In HW, every element in a digital circuit is always *invoked* due to its inherent parallelism, while in a SW program, a node (statement) or an edge in program's CFG is not automatically *invoked* until it is executed during runtime, because program flow branches after a conditional node, and only one branch is executed. The precondition of executing this branch is determined at runtime. We define *edge condition* (*EC*) as the precondition for a specific edge to be executed. If a statement is not invoked, any change induced by this statement, in control or data flow, must not be counted. This difference between HW and SW requires a completely new set of variables and algorithms.

We define invocation status (IVS) of a node/edge in a program's CFG to indicate whether this node/edge will be invoked during runtime. IVS is a new type of dynamic information proposed here, it is introduced to reflect the dynamic execution information of a node/edge during runtime. Thus, a DU path within a DU chain may be invalid when considering IVS values of edges/nodes along the DU path. Therefore, an active DU path is defined as a DU path such that all nodes/edges along this path are *invoked* or with unknown IVS, since we can set this IVS as invoked. An active DU chain is obtained by eliminating all *inactive DU paths* between *definition* and *use* pairs in the DU chain. Also, we say def(x) actively reaches use(x)if there exists at least one active DU path between def(x) and use(x), and def(x) is called an *active reaching definition* of use(x). In Fig. 1, static analysis shows use(x,6) has two reaching definitions: def(x, 1) and def(x, 3). But if the edge 2-3 is not *invoked* during runtime, only def(x, 1) actively reaches use(x, 6).

#### B. Essential Procedures in SWD-algorithm

We now outline essential procedures in SW D-algorithm. Although these procedures are conceptually similar to their counterparts in HW D-algorithm, they are markedly extended and reinvented to include special characteristics of SW.

1) Implication





In general, implication is the process of determining some values as a consequence of the changes in some other values. Implication is performed to reduce the search space for the test, since it helps the algorithm assign as many known values as possible and hence refines existing possibilities.

## a) Value assignment implication

We define value assignment implication as a process of determining the value defined or used at various locations of a program because of some other new value assignments. It can be performed backward or forward, i.e., from a *definition* to a *use* or from a *use* to a *definition*. It can also be performed for the variables used in an *EC* when the *EC* must or must not be satisfied. A *conflict* is identified if the implied value is not compatible with the current value.
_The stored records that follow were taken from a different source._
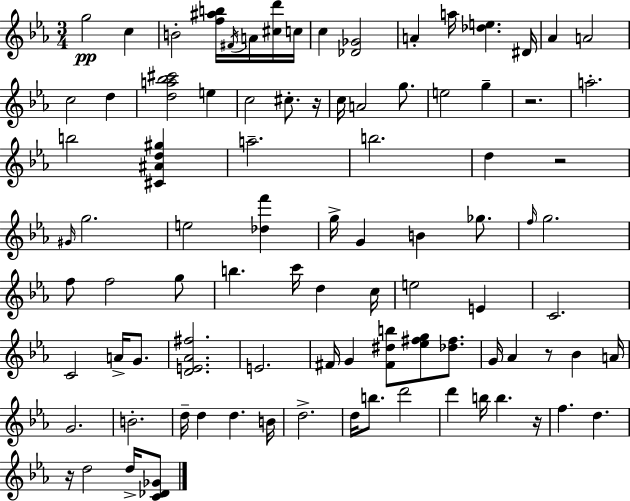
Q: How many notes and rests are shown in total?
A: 91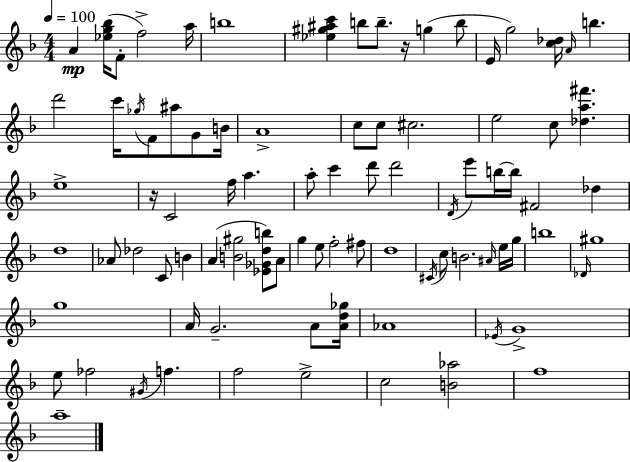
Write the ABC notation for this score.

X:1
T:Untitled
M:4/4
L:1/4
K:F
A [_eg_b]/4 F/2 f2 a/4 b4 [_e^g^ac'] b/2 b/2 z/4 g b/2 E/4 g2 [c_d]/4 A/4 b d'2 c'/4 _g/4 F/2 ^a/2 G/2 B/4 A4 c/2 c/2 ^c2 e2 c/2 [_da^f'] e4 z/4 C2 f/4 a a/2 c' d'/2 d'2 D/4 e'/2 b/4 b/4 ^F2 _d d4 _A/2 _d2 C/2 B A [B^g]2 [_E_Gdb]/2 A/2 g e/2 f2 ^f/2 d4 ^C/4 c/2 B2 ^A/4 e/4 g/4 b4 _D/4 ^g4 g4 A/4 G2 A/2 [Ad_g]/4 _A4 _E/4 G4 e/2 _f2 ^G/4 f f2 e2 c2 [B_a]2 f4 a4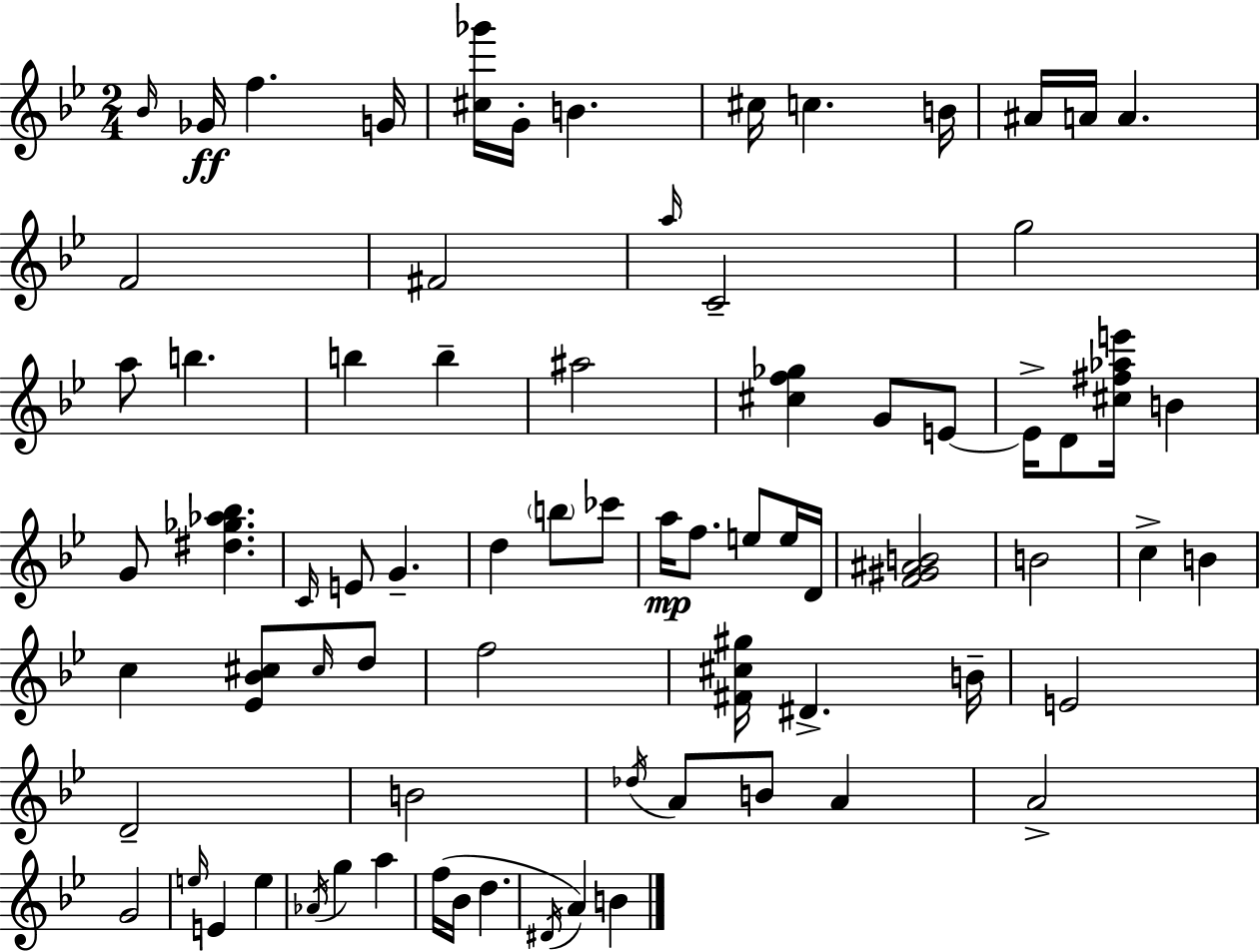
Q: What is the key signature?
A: BES major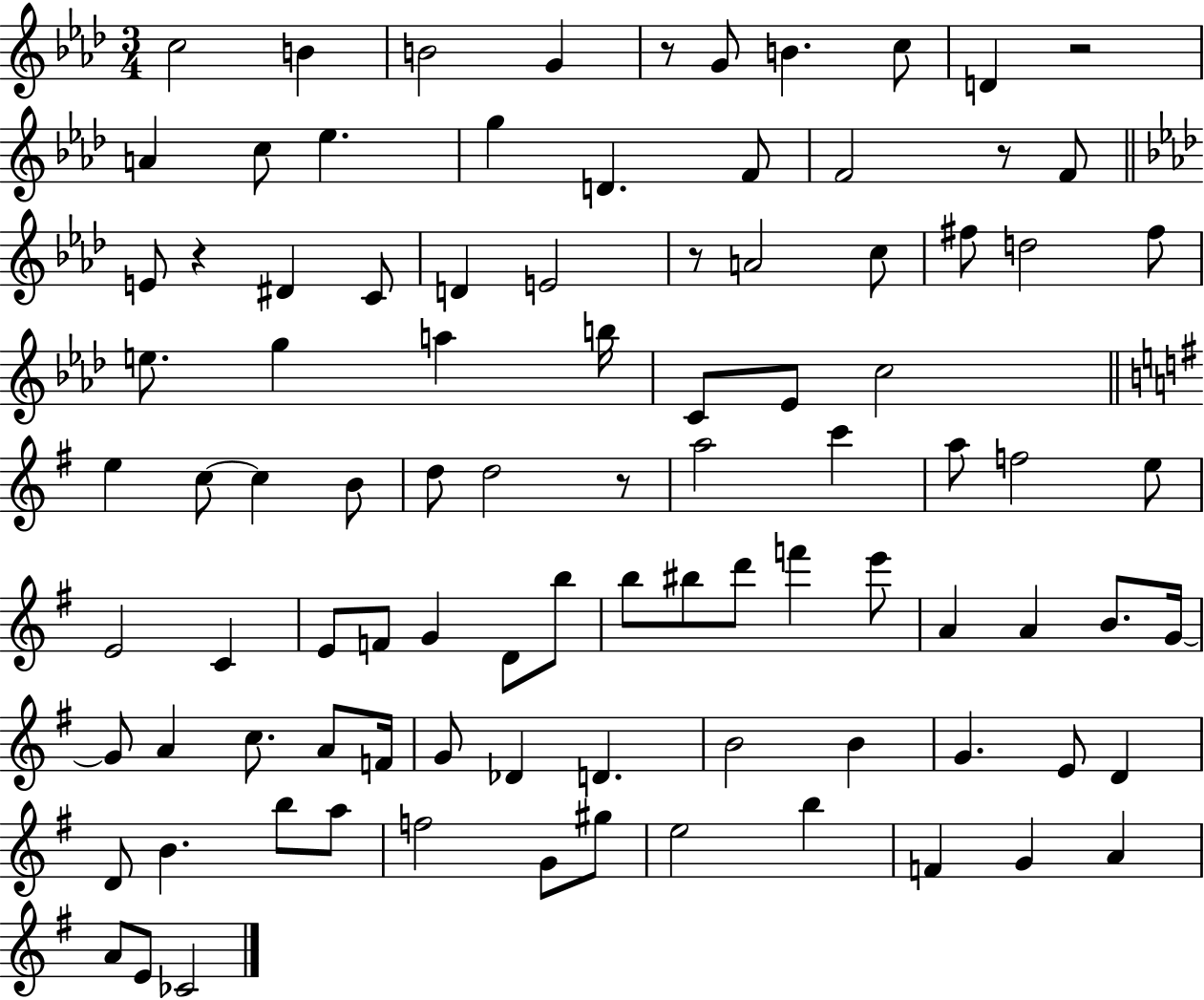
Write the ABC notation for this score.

X:1
T:Untitled
M:3/4
L:1/4
K:Ab
c2 B B2 G z/2 G/2 B c/2 D z2 A c/2 _e g D F/2 F2 z/2 F/2 E/2 z ^D C/2 D E2 z/2 A2 c/2 ^f/2 d2 ^f/2 e/2 g a b/4 C/2 _E/2 c2 e c/2 c B/2 d/2 d2 z/2 a2 c' a/2 f2 e/2 E2 C E/2 F/2 G D/2 b/2 b/2 ^b/2 d'/2 f' e'/2 A A B/2 G/4 G/2 A c/2 A/2 F/4 G/2 _D D B2 B G E/2 D D/2 B b/2 a/2 f2 G/2 ^g/2 e2 b F G A A/2 E/2 _C2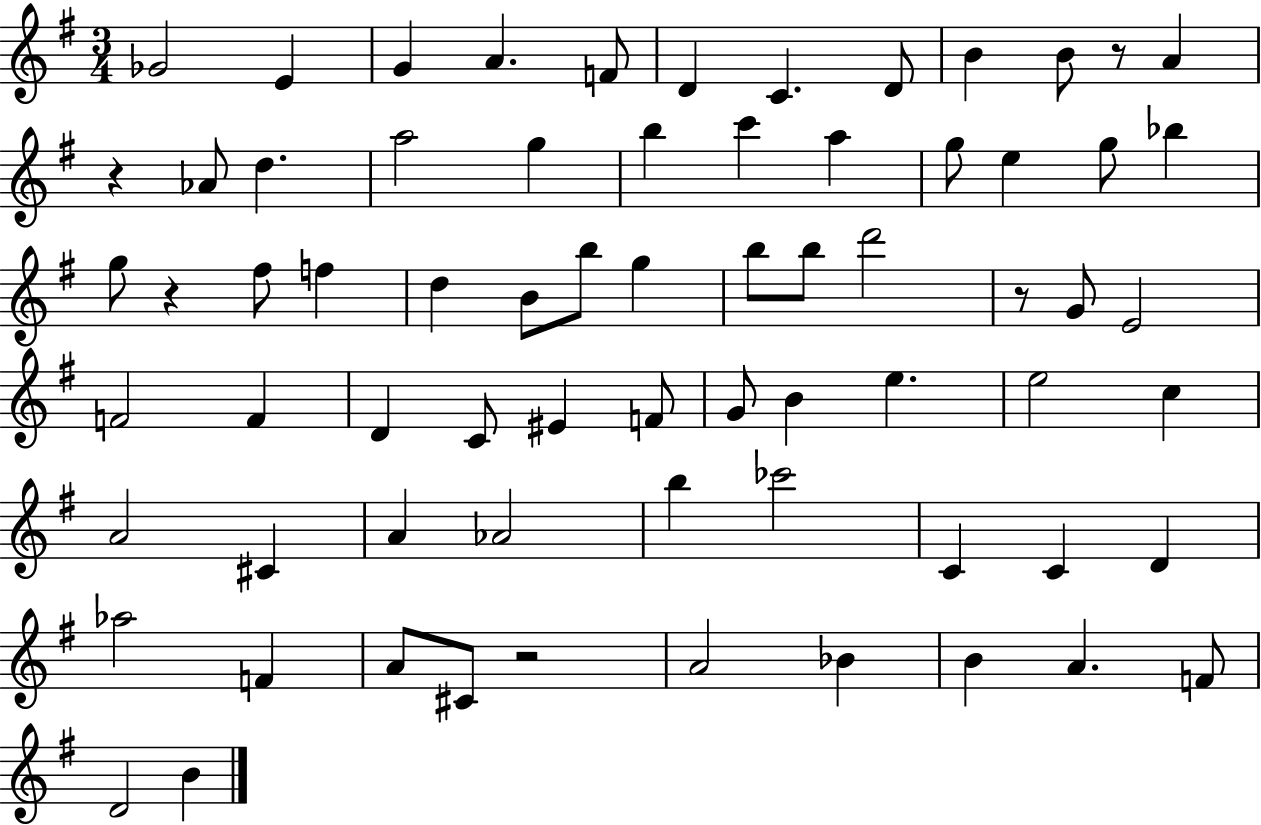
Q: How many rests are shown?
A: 5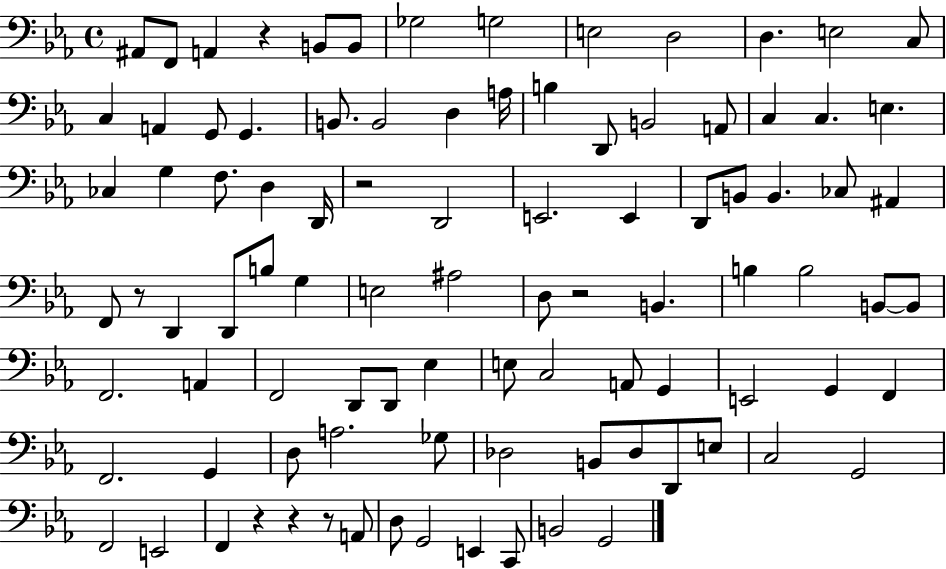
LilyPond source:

{
  \clef bass
  \time 4/4
  \defaultTimeSignature
  \key ees \major
  \repeat volta 2 { ais,8 f,8 a,4 r4 b,8 b,8 | ges2 g2 | e2 d2 | d4. e2 c8 | \break c4 a,4 g,8 g,4. | b,8. b,2 d4 a16 | b4 d,8 b,2 a,8 | c4 c4. e4. | \break ces4 g4 f8. d4 d,16 | r2 d,2 | e,2. e,4 | d,8 b,8 b,4. ces8 ais,4 | \break f,8 r8 d,4 d,8 b8 g4 | e2 ais2 | d8 r2 b,4. | b4 b2 b,8~~ b,8 | \break f,2. a,4 | f,2 d,8 d,8 ees4 | e8 c2 a,8 g,4 | e,2 g,4 f,4 | \break f,2. g,4 | d8 a2. ges8 | des2 b,8 des8 d,8 e8 | c2 g,2 | \break f,2 e,2 | f,4 r4 r4 r8 a,8 | d8 g,2 e,4 c,8 | b,2 g,2 | \break } \bar "|."
}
Here we show an example of *value assignment implication*. In Fig. 2(a), def(x, 1) and def(x, 3) are two *actively reaching definitions* of use(x, 6). Consider a backward value assignment implication task for def(x, 6) with a value of 2 is performed. We identify mROA for statement 6 and its symbolic expression " $x_out = x + 1$ ", then we send this expression and " $x_out = 2$ " to solver, which gives us the unique solution of "x = 1". Thus, 1 is assigned to use(x, 6) and a backward value assignment implication task for use(x, 6) is added to *implication task list* ( $\mathcal{I}$ ). For this new task, we find use(x, 6) has two *actively reaching definitions*, that means no value should be *implied* and use(x, 6) is added to *unjustified element list* ( $\mathcal{U}$ ).

# b) IVS implication

IVS implication is defined as a process of determining the values of IVS of nodes/edges of a program's CFG as a result of the changes in value of IVS of other nodes/edges. A *conflict* is identified if the implied value is not compatible with the current value. IVS implication can be performed backward or forward, from *node* to *edge* or from *edge* to *node*.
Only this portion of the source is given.